Areas of Focus
Title: Prior-Independent Optimal Auctions
Auctions are widely used in practice. While also extensively studied in the literature, most of the developments rely on significant assumptions about common knowledge on the seller and buyers' sides. In this work, we study the fundamental problem of designing optimal prior-independent selling mechanisms. In particular, the seller faces buyers whose values are drawn from an unknown distribution, and only knows that the distribution belongs to a particular class. We analyze a competitive ratio objective, in which the seller attempts to optimize the worst-case fraction of revenues garnered compared to those of an oracle with knowledge of the distribution. Our results are along two dimensions. We first characterize the structure of optimal mechanisms. Leveraging such structure, we then establish tight lower and upper bounds on performance, leading to a crisp characterization of optimal performance for a spectrum of families of distributions. In particular, our results imply that a second price auction is an optimal mechanism when the seller only knows that the distribution of buyers has a monotone increasing hazard rate, and guarantees at least 71.53% of the optimal revenue against any distribution within this class.

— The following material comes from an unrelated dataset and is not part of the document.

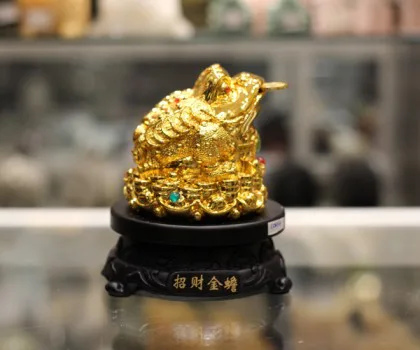 Thiềm thừ vàng trên đế gỗ xoay - Chiêu tài kim thiềm C065A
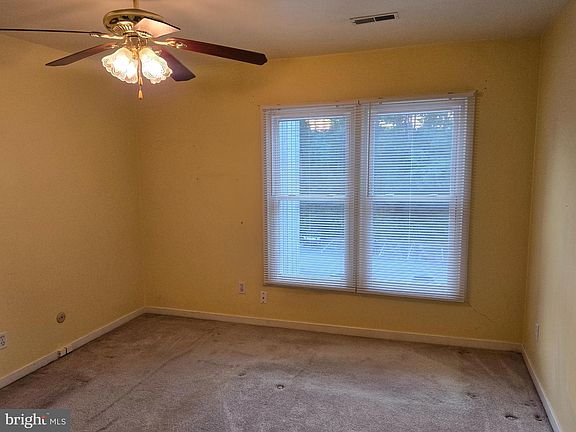 2nd image of 5209 Le Parc Dr Unit 6-38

Furthermore, a second price auction is near-optimal when the class of admissible distributions is that of those with increasing virtual values (aka regular). Under this class, it guarantees a fraction of 50% of optimal revenues and no mechanism can guarantee more than 55.6%. (joint work with Amine Allouah)
Link to paper: https://papers.ssrn.com/sol3/papers.cfm?abstract_id=3124738
Omar Besbes is an Associate Professor in the Decision, Risk, & Operations division at the Graduate School of Business, Columbia University. His primary research interests are in the area of data-driven decision-making, with a focus on applications in pricing and revenue management, e-commerce, online advertising, and service systems. His research has been recognized by various prizes including the 2012 INFORMS Revenue Management and Pricing Section prize, the 2013 M&SOM best paper award and the 2017 M&SOM young scholar award. He serves on the editorial boards of Operations Research and Management Science.
Omar is a graduate of Ecole Polytechnique (France) and received a M.Sc. from Stanford University in 2000 and a Ph.D. from Columbia University in 2008. Before joining Columbia, he was on the faculty at the Wharton School, University of Pennsylvania.